Soirée de retrouvailles avec des amis venant de toutes parts. Nous étions vingt-une personnes. L'hôtesse est tellement stressée qu'elle a mal au dos. Toutes les surfaces planes de la cuisine au salon, en passant à la salle à manger sont chargées de nourriture. Il paraît que d'autres plats sont attendus le lendemain. Bonne nuit de sommeil dans un hôtel douillet. L'industrie hôtelière américaine est experte maintenant en hébergement pour voyageurs d'affaires. Il ne me manque que la douche-téléphone, présente partout dans les hôtels que j'ai connus en Europe, si pratique pour mes ablutions matin et soir.
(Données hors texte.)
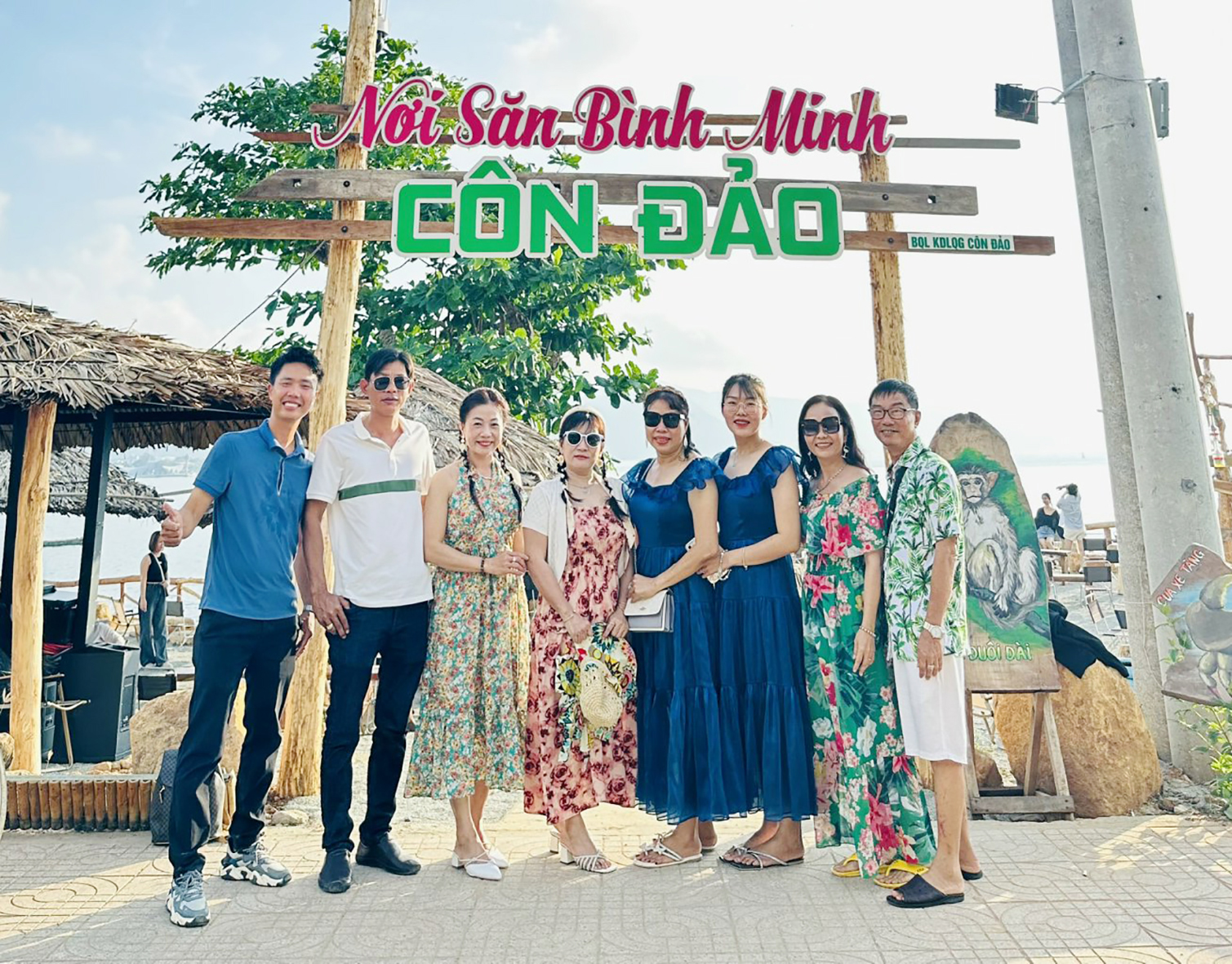 Du khách chụp ảnh tại điểm săn bình minh kết hợp tuyên truyền đề án kinh tế tuần hoàn Côn Đảo.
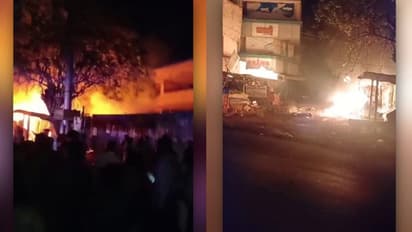 മലപ്പുറത്ത് ഗ്യാസ് സിലിണ്ടര്‍ പൊട്ടിത്തെറിച്ച് വൻ അപകടം; തട്ടുകട കത്തി നശിച്ചു, തീ ആളിപ്പടര്‍ന്നു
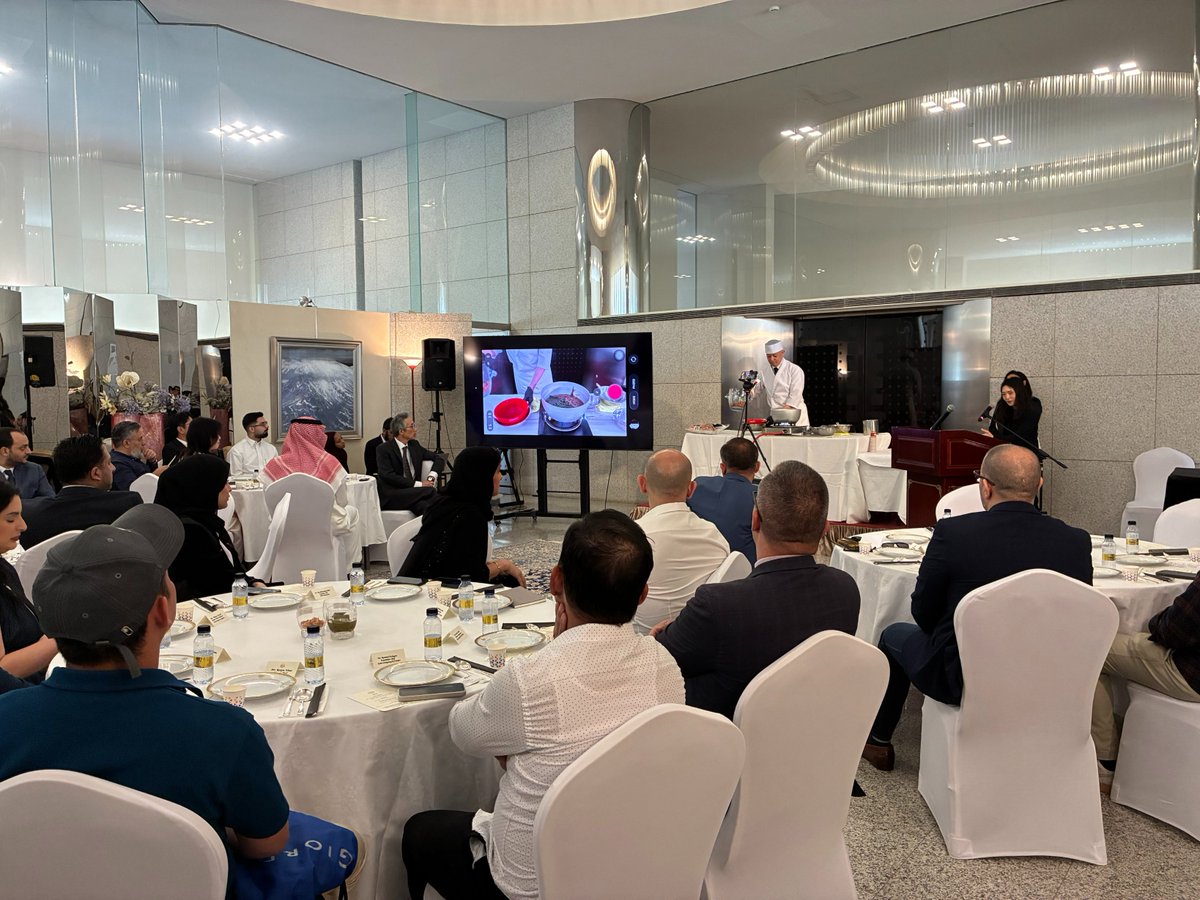 JapanEmbassyKSA's tweet photo. The Embassy of Japan hosted the Japanese Culinary Seminar, welcoming Japanese culinary professionals in Riyadh including Mr. Hashem Nagro of the Saudi Culinary Arts Commission. The seminar focused on "Dashi" (Japanese soup stock), the foundation of Japanese cuisine. https://t.co/lZvk6PrJAb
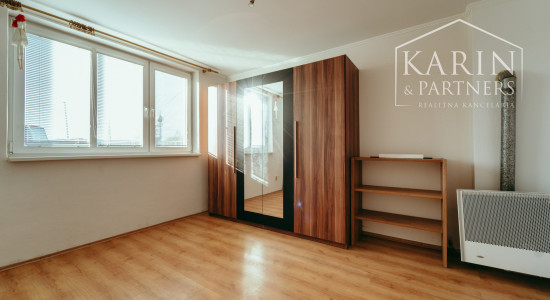 3i byt so záhradou a garážou v obci Brodské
Dimanche des retrouvailles à proprement dit, quatorze heures de tricotage serré. Manger à longueur de journée. Rires. Partage de réflexions profondes autour d'un feu de camp. Gâteaux et champagne pour terminer. Je retourne à l'hôtel, épuisée et heureuse. Lui, seul non-vietnamien, n'a pas trouvé le temps long. Toutes les intentions de visiter Boston, berceau de la nation américaine, sont balancées par-dessus bord. Ne restent que le désir et le plaisir d'être ensemble et de se partager des secrets de santé et de bien-être.
Aujourd'hui, déjeuner aux fruits. Revisite de vieilles photos de classe et de photos accumulées depuis six ans, au fil des voyages pour se visiter les uns les autres. Adieux chaleureux et promesses de se revoir. Retour par la 93, 91 et la 10. Sur la 93, explosions de paysages orangers. Je n'ai pas cessé de prendre des photos que je me dépêcherai d'envoyer aux californiens qui sont retournés chez eux en avion. Le spectacle des feuilles d'automne nous remplit d'émotions renouvelées.
Ce soir, par courriel, j'ai trouvé une invitation à une autre soirée du réseau des anciens d'université pour ce soir même. Raisonnable, je déclare forfait. Lui regrette beaucoup de manquer un guitariste-chanteur qu'il a connu et apprécié lors de notre voyage australien de l'an dernier. Mais tant pis puisqu'il vient de ramener un rendez-vous de négociation de demain matin à ce soir. Fin de l'intermission.